Bachelor’s degree holders in computer science from Harvard University have the highest mean earnings four years after graduation at $256,539. Computer science and those related make up eight of the top 10 most lucrative in the nation. The only three outside of this industry to make the ranking are finance and financial management services from the University of Pennsylvania and electrical, electronics and communications engineering from the University of California-Berkeley.
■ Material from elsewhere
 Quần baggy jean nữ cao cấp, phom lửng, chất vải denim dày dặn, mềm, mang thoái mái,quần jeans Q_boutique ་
When averaging median income earnings across programs offered to at least 50 institutions, seven out of 10 of the highest earners are in engineering unrelated to computer technology. Still, computer engineering came in first at $97,302, followed by computer science at $94,192. University Business only considered degrees that serve more than 50 institutions to negate any niche credentials offered at a select group of institutions. For example, only five schools offer nuclear engineering, but that major brought the second-highest average median earnings at $116,531.
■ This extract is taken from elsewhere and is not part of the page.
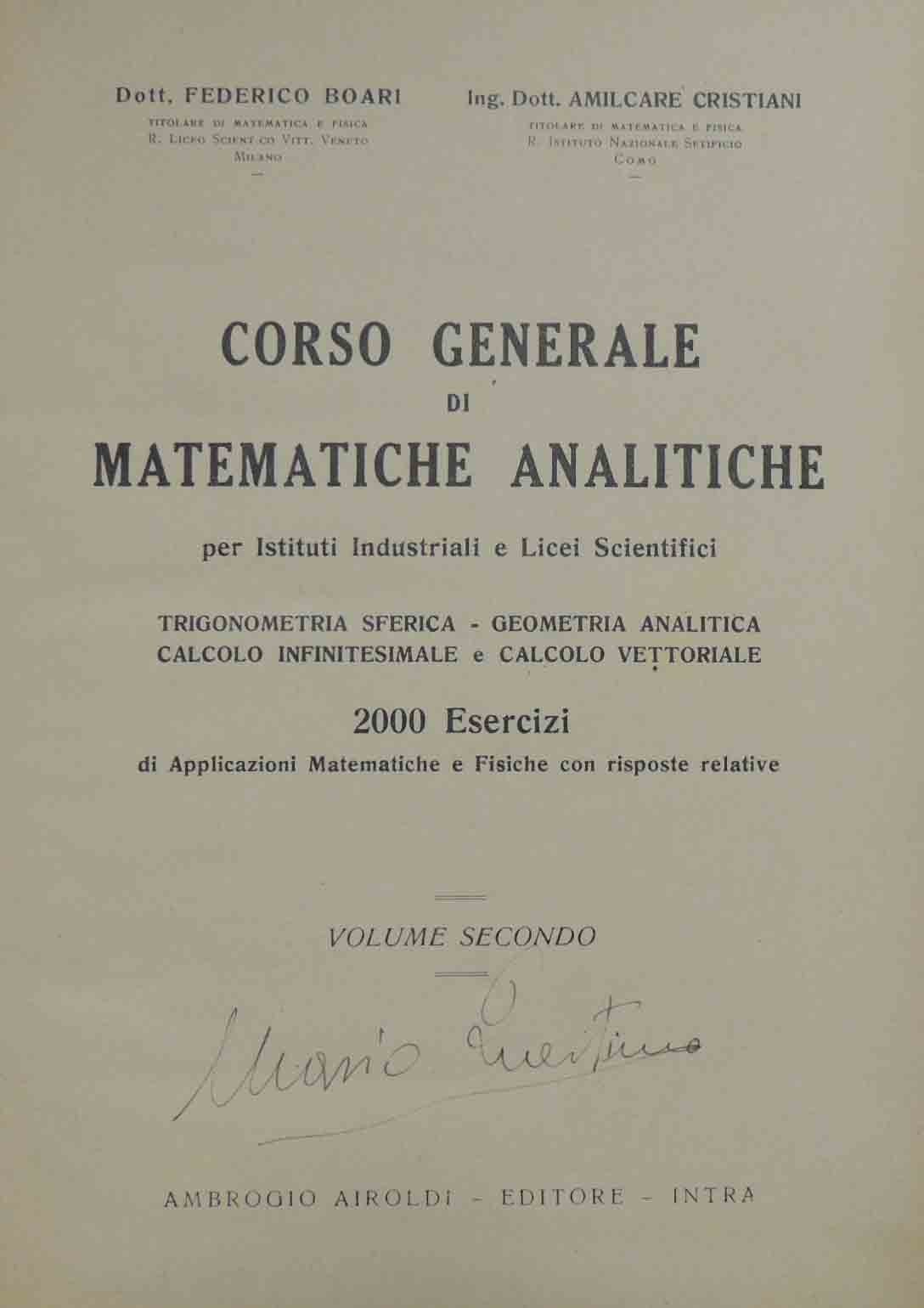 Boari, Cristiani, Corso generale di matematiche analitiche, 2 voll.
The HEA Group and scorecard considered over 36,000 academic programs from 22,404 bachelor’s, 8,071 associate’s and 5,621 certificate programs. Additionally, the data are limited to federal financial aid-receiving students, and some small programs’ earnings data are excluded to protect student privacy.
Earning a credential in one of these computer-tech-related programs seems reserved chiefly for bachelor’s degree earners. Associate degree earners are better off, earning $140,386 with a nuclear engineering degree, and certificate earners are best off as an electrical and power transmission installer certificate, making $109,483. However, a bachelor’s degree is still the most reliable undergraduate credential students can earn to ensure they make a livable salary. Almost half (48.48%) of all bachelor’s programs make at least $50,249 four years out of college. Less than 30% of associate degree earners make a livable salary, and only 13% of certificate earners are this well off.
Earnings are great, but are students interested?
The number of students graduating with a bachelor’s in any specific computer science-related program doesn’t compare well with its earning potential. For example, among academic programs offered to at least 50 institutions, the number of institutions providing computer science credentials ranked 25 out of 87. Similarly, the number of students in these graduating cohorts ranked at 27.
However, combining all programs—computer science, computer engineering, and computer and information sciences—paints a more promising picture. Institutions offer them at the fourth-highest rate, and they have the eighth-greatest number of students in graduating cohorts when combined.